政治・経済

 先日、三和の法皇・渡辺忠雄の面影を慕って旧三和銀行の大阪本店に足を向けた。だが、既に建物は解体に備えてテント生地で覆い尽くされていた。

 この時、ある出来事の記憶が鮮明によみがえる。それは、サンスター歯磨の主力銀行が、住友銀行から三和銀行にスイッチした事件だ。背後には、渡辺の断があった。

 サンスターは昭和25年に誕生し、販路を塩野義製薬に託すかたちで、ライオン歯磨に次ぐ大手歯磨きメーカーへと成長していった。塩野義との関係から主力銀行は当初から住友。しかし、昭和44年に社長に就任した金田博夫は、2年ごとに繰り返される塩野義への流通対策販売手数料の改定に不満を募らせていた。結果、昭和50年初めに談判が決裂。〝駆け込み寺〟に三和銀行を選び、当時の会長、上枝一雄と面談し、名誉会長の渡辺の了解を取り付けるに至った。

 この頃、サンケイ経済部の財界金融記者だった筆者は、実力者・渡辺に会う努力を重ねていた。しかし、当時の調査部を通じても、東京拠点の渡辺に会うのは至難の業。秘書室にしばしば顔を出し、ひたすら面会を請う日々。やがて、のちの常務で秘書役・前田勉との対話途中、前田の元に渡辺の秘書嬢から、ある知らせが入った。

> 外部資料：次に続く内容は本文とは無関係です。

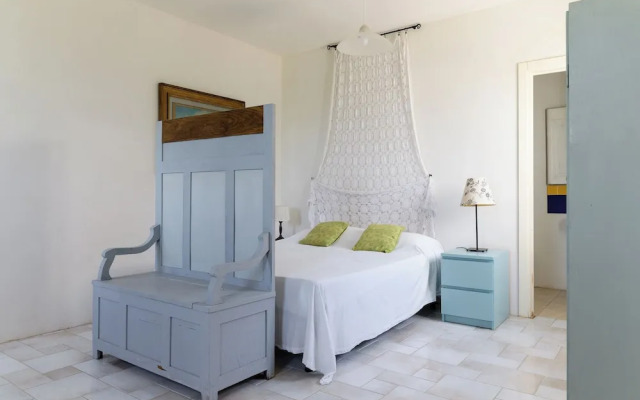 Villetta Alice Apartments by Wonderful Italy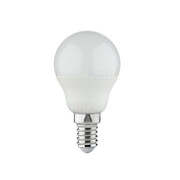 BILO 4,9W E14-NW Lampa z diodami LED
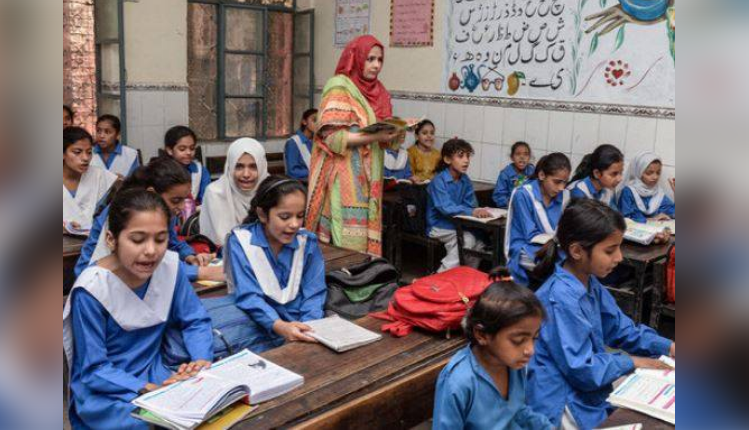 Punjab considers extending summer vacation in schools until August 31 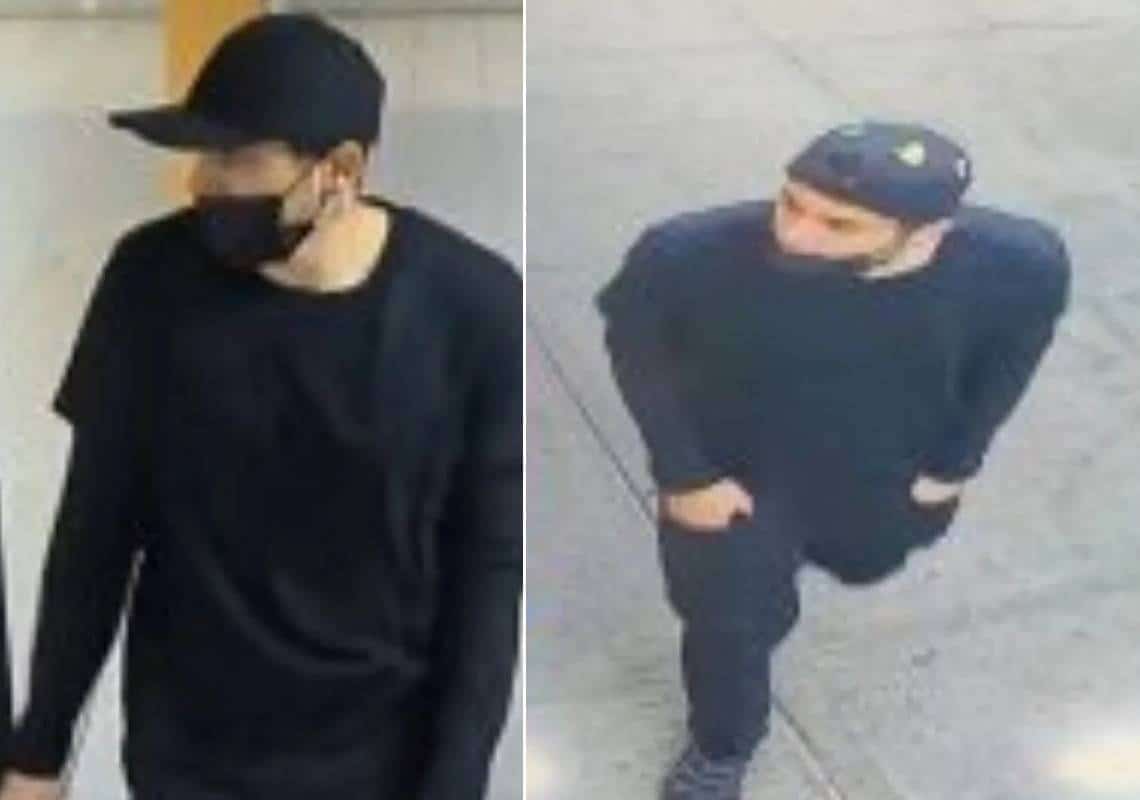 ניו יורק: מצוד נרחב אחר החשוד בתקיפה מינית בסנטרל פארק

 すると前田は「渡辺がトイレに行きます」と筆者に目配せ。すかさず、秘書室の筋向いに走り、いわゆる〝連れション〟取材を敢行した。ときに渡辺は、「役員会に諮り、アクションを起こすよ」とポツリ。調べると、金田興産に次ぐ2位のサンスター大株主・塩野義の282万株は既に移動。直後に三和銀行が主取引銀行になるとの離れ業が演じられた。対住友との話し合いがどんな形で進捗したのか──。上枝は、「コメントは控える」と〝言わざる〟に徹し、サンスターも多くを語らなかった。

 渡辺は、日銀から転じてわずか2年で三和銀行の頭取に就任し、頭取・会長歴30年の間に、戦時経済下で壊滅的な打撃を受けていた三和を再建。旧財閥系銀行と肩を並べる都市銀行に育て上げた。中でも特筆すべき業績は、金融界の大衆化に先鞭をつけたこと。公的活動面でもその才覚が中央政財界での評価の対象になり、〝法皇〟と称された。